Diamaceous Earth’s Impact on the Environment
Wondering if DE can harm animals or contribute to environmental pollution? Evidence shows this is very unlikely and that diatomaceous earth is actually nontoxic to mammals, fish and aquatic invertebrates.
It’s commonly encountered by birds and other wildlife in nature but has been found to be unharmful to birds, fish or other wildlife in numerous studies. In fact, silica is naturally plentiful in the ocean, and seawater contains vast amounts of diatomaceous earth. The skeletons of many types of sea life and marine organisms are actually made using silica, and therefore it seems to pose no major risks to most species.
As far as plants go, DE can actually be beneficial since it’s used as a growing medium in potted plants in hypnotherapy. It’s sold as natural soil additive and helps soil retain water and nutrients, while allowing for more oxygen circulation and killing off parasites.

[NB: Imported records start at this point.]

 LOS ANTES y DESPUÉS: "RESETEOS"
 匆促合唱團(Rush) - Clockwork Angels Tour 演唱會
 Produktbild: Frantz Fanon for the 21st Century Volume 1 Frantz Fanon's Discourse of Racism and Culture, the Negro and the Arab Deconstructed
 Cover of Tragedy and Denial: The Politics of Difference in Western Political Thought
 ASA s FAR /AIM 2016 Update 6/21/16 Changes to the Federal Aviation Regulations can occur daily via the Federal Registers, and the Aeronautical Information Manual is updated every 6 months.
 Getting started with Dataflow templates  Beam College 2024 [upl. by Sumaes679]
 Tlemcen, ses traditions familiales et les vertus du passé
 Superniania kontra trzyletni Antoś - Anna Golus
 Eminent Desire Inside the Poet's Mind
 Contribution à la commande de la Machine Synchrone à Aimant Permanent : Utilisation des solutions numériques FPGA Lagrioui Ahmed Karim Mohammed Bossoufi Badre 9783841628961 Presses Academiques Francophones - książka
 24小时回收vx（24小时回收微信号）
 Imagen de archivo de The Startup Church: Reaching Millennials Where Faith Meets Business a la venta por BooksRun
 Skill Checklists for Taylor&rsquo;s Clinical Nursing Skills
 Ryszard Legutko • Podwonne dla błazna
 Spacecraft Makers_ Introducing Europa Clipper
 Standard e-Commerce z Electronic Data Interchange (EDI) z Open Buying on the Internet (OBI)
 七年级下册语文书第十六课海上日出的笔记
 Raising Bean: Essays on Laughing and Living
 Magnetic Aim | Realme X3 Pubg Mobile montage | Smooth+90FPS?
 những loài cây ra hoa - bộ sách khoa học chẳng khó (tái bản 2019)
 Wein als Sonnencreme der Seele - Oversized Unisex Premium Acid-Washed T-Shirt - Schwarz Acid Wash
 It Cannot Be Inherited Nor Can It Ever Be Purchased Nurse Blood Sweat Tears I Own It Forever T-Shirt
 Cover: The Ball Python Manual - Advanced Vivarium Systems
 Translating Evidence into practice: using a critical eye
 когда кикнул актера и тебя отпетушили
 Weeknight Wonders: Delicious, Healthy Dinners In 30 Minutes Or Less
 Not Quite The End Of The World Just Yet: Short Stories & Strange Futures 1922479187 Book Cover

It also helps preserve foods naturally (such as grains or legumes, which can grow mold) and helps replenish soil so more plants and food can be grown for livestock and human consumption.

Diatomaceous Earth Takeaways
  • Some common products that contain diatomaceous earth include dusts, powders and pressurized liquids that are used on the outside of buildings, on farms, in gardens, and in human and pet foods.
  • Diatomaceous earth benefits include detoxifying the body; purifying water; fighting parasites; killing insects and other harmful substances in your home; improving joint, bone and ligament health; and cleaning and protecting skin, nails and teeth.
  • Today, there are over 150 pesticide-related products registered for use both indoors and outdoors that contain DE. There are also thousands of non-pesticide, food grade diatomaceous earth products that are used on the skin, in food, and in supplements or medications. Some of the most popular diatomaceous earth uses include: pet nutrition products, products used on dogs and cats to kill flees, bed bug-killing treatments, sprays and products used to kill bugs, rodent sprays, water filters, skin care products, toothpastes, foods and beverages, anti-caking and clarifying ingredients used in food manufacturing, supplements and medicines, rubbers and paints used in construction, and abrasive products used as defoliators and for cleaning.
  • Diatomaceous earth is available in two different grades: food grade (meant to taken internally by humans) and non-food grade (used in industrial practices).
  • Diatomaceous earth comes in several forms, such as: granulated diatomaceous earth, a raw material made from crushing silica that’s usually available as a powder and safe for human consumption; milled or micronized diatomaceous earth, a very fine form used in pesticides and insecticides; calcined diatomaceous earth, a heat-treated and activated form used in water filtering and explosives.